3) NASA has announced that from now on all space missions will be “dual use”, meaning that each NASA mission will be both military and civilian. Thus the development of nuclear reactor technology for space missions will also become a military technology.
Immediately after finishing the interview I bought a newspaper and headed for the airport security screening line and my boarding gate. Just as I entered the line two policemen asked if I was BRUCE GAGNON. They then directed me to follow them to the other end of the airport and would only say that I had been overhead making dangerous statements.
Amazingly they knew my name and had a copy of my boarding pass. All of this within 12 minutes after checking in at the airport.
As we walked to their office I racked my brain to understand what I might have said and to whom! Once inside the police inner sanctum I was questioned by three cops who wanted by name, my ID, my reason for being in Louisville, where I had spoken, to whom had I spoken.
Then they informed me that I had been overheard talking about bombs and contamination.
They searched by bag and one officer found my copy of the constitution and asked if I always carried it with me. I told him “Yes, you never know when you might need it.”
It took me a moment to realize that someone must have heard my statements to the reporter about the nuclear rocket. So I explained the situation to them. Luckily I had remembered the name of the reporter and I gave that to them as well. One of the cops then called information and got the number for the Columbus newspaper and called the reporter. He verified that I had just spoken to him about bombs and contamination and suggested they let me go.
But the cops were not done.
They then ran a national ID check on me to make sure I was not on some terrorist wanted list. Then they let me go and I headed for my gate.
I still made my plane but as I was boarding one of the cops stood by the door at the gate to make sure I got on the plane. (Must have thought I’d slip out the back way or something.)
The remarkable thing to me is just how paranoid everyone has become that people are now reporting anyone that says any “key” word in airports, or probably anywhere else. I told the cops that I thought potential terrorists were not likely to stand in the middle of an airport and talk on the phone about bombs and contamination.
My trip to Louisville was sponsored by the local Fellowship of Reconciliation chapter. On Sunday, July 27 (my birthday) I spoke at the Central Presbyterian Church about the militarization of space and then on Monday at noon a different group heard me talk about the “Price of Endless War” at a local restaurant.
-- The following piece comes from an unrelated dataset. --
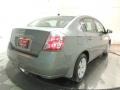 Magnetic Gray - Sentra 2.0 Photo No. 6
Veteran activist Jean Edwards was the leading organizer of the trip and I stayed in the home of retired Presbyterian minister David Bos.
Just the week before David Bos has arranged for me to fly to Daytona Beach, Florida to deliver two workshops at the annual conference of the National Association of Ecumenical & Interreligious Staff. This was an important opportunity to present our message to religious leaders from throughout the nation.
One person who attended one of my workshops, and added much to it, was former Congressman Bob Edgar, now the General Secretary of the National Council of Churches.
My Louisville airport experience underscored to me the dangers we face in our nation today. While we all are concerned about terrorist attacks, I am frankly much more concerned about the loss of our civil liberties in the name of protecting us from terrorism.
The constitution is a very fragile document. It is something we should all carry with us and fight to hold onto.